Thursday 6 December 2012

Mexico City has a new mayor, cabinet

Mexico City changed mayors on 5 December as the leftist Miguel Ángel Mancera Espinosa, elected in the July 2012 general elections, replaced the popular Marcelo Ebrard Casaubon of the socialist Democratic Revolutionary Party (PRD). The mayor of Mexico City has the rank of a state governor. Mancera was the candidate of the Progressive Movement in the elections and backed by several parties including the PRD. He defeated two high-profile rivals in the former president of the Institutional Revolutionary Party Beatriz Paredes Rangel and the conservative anti-crime activist Isabel Miranda de Wallace, backed by the National Action Party. With his victory the Left retained its political control of the capital and enjoyed a very considerable political boost in the otherwise disappointing election.

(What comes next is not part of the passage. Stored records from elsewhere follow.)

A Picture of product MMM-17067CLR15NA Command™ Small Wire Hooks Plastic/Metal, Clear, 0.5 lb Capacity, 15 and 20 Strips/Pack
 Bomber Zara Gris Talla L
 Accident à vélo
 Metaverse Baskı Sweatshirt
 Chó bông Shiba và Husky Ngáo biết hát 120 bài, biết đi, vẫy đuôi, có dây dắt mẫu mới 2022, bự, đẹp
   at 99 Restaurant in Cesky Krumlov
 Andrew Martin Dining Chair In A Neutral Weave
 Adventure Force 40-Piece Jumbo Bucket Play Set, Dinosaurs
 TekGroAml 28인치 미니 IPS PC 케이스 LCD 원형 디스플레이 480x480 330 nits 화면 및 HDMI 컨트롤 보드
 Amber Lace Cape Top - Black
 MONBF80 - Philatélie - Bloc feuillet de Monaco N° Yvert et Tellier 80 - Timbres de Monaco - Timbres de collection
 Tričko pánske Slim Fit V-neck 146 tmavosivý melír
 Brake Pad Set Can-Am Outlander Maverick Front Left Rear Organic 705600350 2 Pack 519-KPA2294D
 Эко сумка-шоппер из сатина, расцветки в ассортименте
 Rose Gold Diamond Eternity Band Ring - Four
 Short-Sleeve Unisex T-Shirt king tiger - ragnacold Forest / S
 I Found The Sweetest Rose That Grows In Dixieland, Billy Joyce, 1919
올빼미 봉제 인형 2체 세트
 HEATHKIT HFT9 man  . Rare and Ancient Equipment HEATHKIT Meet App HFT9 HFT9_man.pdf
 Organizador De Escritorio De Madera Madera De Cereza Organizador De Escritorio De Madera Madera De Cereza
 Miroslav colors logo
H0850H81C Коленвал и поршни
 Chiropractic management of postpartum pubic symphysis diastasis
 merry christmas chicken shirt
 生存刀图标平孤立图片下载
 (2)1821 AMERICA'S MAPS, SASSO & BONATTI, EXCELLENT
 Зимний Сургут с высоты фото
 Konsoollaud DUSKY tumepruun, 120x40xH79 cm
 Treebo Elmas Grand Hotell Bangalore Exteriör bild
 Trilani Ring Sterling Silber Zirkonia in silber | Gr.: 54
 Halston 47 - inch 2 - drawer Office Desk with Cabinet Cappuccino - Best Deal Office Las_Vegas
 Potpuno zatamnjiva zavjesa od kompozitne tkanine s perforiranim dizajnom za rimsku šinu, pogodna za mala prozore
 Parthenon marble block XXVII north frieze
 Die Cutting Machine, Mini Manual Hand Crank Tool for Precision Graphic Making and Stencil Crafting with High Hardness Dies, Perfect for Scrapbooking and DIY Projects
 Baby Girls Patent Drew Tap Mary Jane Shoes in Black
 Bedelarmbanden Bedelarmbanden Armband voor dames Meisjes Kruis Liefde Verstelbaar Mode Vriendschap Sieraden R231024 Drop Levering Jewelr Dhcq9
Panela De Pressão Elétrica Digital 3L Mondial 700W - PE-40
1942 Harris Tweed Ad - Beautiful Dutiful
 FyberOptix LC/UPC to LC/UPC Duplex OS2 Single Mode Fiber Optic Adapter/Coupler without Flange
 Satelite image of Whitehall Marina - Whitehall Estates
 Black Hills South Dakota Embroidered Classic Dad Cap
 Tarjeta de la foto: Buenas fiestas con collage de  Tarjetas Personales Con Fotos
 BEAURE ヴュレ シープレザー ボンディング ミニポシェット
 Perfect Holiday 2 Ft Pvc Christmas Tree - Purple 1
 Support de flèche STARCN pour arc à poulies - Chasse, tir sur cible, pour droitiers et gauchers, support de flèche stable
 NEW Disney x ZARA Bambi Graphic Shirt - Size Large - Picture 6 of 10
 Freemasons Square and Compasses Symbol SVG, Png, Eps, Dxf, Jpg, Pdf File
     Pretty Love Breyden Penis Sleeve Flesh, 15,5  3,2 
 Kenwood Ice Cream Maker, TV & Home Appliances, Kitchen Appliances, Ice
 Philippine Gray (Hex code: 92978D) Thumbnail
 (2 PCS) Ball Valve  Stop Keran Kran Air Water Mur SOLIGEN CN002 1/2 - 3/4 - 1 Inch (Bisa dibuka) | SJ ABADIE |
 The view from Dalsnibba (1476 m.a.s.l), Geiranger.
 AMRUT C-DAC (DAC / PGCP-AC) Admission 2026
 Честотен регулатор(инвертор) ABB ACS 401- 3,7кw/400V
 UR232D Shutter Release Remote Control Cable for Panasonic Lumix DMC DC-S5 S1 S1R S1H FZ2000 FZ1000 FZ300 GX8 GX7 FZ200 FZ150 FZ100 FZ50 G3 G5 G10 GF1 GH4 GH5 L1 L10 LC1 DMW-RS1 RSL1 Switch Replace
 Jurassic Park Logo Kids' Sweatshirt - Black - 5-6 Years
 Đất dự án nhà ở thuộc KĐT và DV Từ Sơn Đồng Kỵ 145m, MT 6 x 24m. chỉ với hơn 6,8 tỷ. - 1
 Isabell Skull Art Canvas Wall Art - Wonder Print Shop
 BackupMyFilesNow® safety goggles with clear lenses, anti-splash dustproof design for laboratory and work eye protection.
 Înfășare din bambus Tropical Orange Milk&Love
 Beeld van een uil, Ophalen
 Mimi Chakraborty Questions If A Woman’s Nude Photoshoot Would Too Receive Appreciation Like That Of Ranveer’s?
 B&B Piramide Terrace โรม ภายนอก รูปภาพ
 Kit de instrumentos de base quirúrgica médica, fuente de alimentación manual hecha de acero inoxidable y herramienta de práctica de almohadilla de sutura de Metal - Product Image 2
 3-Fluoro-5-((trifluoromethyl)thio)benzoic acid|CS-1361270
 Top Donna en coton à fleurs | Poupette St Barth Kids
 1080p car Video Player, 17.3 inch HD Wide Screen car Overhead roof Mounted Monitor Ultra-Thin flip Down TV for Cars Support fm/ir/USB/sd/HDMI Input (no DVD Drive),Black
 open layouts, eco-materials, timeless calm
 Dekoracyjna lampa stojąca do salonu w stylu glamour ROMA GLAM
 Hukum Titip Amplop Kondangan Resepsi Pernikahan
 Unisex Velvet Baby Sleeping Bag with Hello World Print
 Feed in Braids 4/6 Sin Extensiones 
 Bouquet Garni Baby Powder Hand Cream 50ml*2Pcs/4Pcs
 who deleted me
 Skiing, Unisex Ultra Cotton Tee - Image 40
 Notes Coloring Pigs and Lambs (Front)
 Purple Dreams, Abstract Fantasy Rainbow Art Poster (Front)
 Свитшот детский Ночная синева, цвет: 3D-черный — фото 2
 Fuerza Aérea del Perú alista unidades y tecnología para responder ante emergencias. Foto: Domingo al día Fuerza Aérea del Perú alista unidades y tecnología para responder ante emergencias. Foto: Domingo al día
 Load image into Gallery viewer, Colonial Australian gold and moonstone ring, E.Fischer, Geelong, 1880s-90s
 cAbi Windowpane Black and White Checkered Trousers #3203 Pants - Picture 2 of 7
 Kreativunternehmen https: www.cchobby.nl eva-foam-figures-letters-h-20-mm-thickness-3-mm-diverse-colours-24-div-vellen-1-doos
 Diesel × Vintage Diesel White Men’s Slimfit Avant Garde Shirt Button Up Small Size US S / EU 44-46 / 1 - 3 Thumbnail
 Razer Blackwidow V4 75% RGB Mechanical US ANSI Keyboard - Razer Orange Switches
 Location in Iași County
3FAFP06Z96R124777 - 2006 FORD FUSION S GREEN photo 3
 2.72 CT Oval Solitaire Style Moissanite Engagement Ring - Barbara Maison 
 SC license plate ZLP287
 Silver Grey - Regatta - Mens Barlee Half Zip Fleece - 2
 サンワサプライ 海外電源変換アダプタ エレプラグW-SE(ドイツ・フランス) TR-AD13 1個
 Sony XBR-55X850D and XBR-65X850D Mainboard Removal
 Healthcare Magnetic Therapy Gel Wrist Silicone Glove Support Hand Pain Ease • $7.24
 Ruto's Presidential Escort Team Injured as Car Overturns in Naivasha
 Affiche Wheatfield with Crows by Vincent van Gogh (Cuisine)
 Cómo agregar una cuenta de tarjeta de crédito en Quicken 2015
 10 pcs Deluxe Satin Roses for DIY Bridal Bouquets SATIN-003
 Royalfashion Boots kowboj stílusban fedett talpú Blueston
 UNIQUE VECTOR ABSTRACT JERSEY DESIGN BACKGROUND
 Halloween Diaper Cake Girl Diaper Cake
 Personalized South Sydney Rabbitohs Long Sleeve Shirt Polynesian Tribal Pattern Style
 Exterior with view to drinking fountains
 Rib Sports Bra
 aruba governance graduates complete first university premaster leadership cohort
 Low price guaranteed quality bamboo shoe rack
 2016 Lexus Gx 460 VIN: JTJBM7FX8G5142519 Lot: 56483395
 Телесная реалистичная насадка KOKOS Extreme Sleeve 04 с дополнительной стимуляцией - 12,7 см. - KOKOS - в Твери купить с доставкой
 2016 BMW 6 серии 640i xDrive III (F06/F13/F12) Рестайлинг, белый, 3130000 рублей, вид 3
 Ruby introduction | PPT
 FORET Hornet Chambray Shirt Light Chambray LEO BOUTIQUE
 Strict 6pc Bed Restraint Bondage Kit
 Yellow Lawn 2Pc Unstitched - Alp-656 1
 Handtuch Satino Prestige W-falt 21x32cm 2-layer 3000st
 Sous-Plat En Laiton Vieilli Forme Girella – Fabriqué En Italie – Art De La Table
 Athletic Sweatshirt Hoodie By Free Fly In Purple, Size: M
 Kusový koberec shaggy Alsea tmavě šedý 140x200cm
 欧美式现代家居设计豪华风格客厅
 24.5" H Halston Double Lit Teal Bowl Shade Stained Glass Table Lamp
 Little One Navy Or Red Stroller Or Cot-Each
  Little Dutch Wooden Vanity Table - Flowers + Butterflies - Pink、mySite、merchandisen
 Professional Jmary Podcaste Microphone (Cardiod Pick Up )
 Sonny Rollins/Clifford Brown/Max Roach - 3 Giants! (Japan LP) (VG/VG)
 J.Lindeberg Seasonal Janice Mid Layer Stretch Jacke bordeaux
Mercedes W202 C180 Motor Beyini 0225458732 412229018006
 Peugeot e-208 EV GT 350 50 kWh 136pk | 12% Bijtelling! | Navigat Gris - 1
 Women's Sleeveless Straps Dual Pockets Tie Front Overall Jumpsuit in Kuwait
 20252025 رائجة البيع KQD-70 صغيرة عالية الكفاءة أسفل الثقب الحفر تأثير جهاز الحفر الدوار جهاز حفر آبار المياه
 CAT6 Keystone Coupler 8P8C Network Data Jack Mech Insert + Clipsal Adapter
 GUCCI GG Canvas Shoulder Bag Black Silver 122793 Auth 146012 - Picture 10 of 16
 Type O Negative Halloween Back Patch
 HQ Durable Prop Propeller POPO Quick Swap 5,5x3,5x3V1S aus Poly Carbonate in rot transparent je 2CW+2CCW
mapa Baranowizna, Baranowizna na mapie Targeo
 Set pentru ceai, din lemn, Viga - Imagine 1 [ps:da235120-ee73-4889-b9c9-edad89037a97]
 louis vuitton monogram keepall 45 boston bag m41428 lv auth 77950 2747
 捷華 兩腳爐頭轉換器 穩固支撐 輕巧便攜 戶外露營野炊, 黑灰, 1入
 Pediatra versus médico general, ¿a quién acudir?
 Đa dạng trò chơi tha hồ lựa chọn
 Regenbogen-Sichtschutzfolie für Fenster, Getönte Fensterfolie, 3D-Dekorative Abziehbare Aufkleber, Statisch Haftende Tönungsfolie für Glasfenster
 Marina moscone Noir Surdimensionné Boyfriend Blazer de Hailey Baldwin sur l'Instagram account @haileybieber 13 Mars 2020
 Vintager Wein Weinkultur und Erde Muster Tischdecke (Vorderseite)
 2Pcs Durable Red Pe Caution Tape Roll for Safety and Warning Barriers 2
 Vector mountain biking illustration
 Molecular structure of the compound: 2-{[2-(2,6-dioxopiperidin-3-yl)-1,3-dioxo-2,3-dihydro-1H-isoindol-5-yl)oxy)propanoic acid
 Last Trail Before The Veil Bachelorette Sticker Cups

Mancera presented his cabinet on 5 December, a team including former city officials, former ministers and leftist eminences. The most notable appointment was of Cuauhtémoc Cárdenas Solórzano, the capital's first elected mayor in the 1990s and founder of the PRD. Mancera made the researcher René Drucker Colín Science Secretary and the academic and entrepreneur Miguel Torruco Marqués Tourism Secretary, CNNMéxico reported. These were considered close to the former presidential candidate and former PRD leader Andrés Manuel López Obrador, who had reportedly envisaged them as ministers if elected president. Other appointments included: Hector Serrano Cortés as Governance Secretary - effectively deputy-mayor and administrative chief - Jesús Rodríguez Almeida as Public Security Secretary in charge of policing, and Rodolfo Ríos Garza as the capital's chief prosecutor, CNN and the website ADNpolítico reported.